#### Recorded data
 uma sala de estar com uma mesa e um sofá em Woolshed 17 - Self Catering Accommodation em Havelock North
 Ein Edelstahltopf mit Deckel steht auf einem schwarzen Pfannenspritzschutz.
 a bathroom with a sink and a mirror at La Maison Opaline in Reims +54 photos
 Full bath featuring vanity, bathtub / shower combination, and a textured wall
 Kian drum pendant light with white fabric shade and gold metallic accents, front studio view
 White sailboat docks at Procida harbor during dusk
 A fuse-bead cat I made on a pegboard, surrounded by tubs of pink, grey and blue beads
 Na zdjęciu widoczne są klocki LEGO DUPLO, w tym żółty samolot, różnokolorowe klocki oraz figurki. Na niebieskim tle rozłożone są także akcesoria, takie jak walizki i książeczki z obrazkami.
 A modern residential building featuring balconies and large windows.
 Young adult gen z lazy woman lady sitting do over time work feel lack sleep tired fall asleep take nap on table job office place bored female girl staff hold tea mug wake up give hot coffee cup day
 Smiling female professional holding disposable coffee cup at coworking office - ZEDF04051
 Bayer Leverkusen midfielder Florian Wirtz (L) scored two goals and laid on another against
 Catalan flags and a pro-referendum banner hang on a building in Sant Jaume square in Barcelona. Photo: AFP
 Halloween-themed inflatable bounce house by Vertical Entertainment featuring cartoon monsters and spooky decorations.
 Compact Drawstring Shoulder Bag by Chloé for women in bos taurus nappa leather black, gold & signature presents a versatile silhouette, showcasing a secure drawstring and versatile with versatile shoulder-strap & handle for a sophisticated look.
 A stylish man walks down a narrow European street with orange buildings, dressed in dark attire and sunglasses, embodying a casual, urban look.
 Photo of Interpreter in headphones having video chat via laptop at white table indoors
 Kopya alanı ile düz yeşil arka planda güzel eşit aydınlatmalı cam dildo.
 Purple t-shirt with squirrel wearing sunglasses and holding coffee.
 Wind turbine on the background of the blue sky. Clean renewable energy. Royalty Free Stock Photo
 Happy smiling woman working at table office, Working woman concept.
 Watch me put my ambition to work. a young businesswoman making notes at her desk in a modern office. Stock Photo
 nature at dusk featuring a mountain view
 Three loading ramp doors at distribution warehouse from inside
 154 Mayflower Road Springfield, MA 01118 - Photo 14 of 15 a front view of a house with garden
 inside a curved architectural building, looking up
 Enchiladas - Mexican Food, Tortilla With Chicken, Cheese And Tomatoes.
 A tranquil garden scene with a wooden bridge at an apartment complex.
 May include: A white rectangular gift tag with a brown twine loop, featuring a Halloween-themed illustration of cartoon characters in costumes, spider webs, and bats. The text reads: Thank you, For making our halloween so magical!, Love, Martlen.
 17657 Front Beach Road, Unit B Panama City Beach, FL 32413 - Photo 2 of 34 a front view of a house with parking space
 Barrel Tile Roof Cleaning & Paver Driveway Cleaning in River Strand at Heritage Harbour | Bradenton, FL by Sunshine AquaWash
########
**Instructions for the task:** Return, unchanged, the run of lines above that opens with the line containing "White sailboat docks" and closes with the line containing "Purple t-shirt with". Include both.

**Task output:**
 White sailboat docks at Procida harbor during dusk
 A fuse-bead cat I made on a pegboard, surrounded by tubs of pink, grey and blue beads
 Na zdjęciu widoczne są klocki LEGO DUPLO, w tym żółty samolot, różnokolorowe klocki oraz figurki. Na niebieskim tle rozłożone są także akcesoria, takie jak walizki i książeczki z obrazkami.
 A modern residential building featuring balconies and large windows.
 Young adult gen z lazy woman lady sitting do over time work feel lack sleep tired fall asleep take nap on table job office place bored female girl staff hold tea mug wake up give hot coffee cup day
 Smiling female professional holding disposable coffee cup at coworking office - ZEDF04051
 Bayer Leverkusen midfielder Florian Wirtz (L) scored two goals and laid on another against
 Catalan flags and a pro-referendum banner hang on a building in Sant Jaume square in Barcelona. Photo: AFP
 Halloween-themed inflatable bounce house by Vertical Entertainment featuring cartoon monsters and spooky decorations.
 Compact Drawstring Shoulder Bag by Chloé for women in bos taurus nappa leather black, gold & signature presents a versatile silhouette, showcasing a secure drawstring and versatile with versatile shoulder-strap & handle for a sophisticated look.
 A stylish man walks down a narrow European street with orange buildings, dressed in dark attire and sunglasses, embodying a casual, urban look.
 Photo of Interpreter in headphones having video chat via laptop at white table indoors
 Kopya alanı ile düz yeşil arka planda güzel eşit aydınlatmalı cam dildo.
 Purple t-shirt with squirrel wearing sunglasses and holding coffee.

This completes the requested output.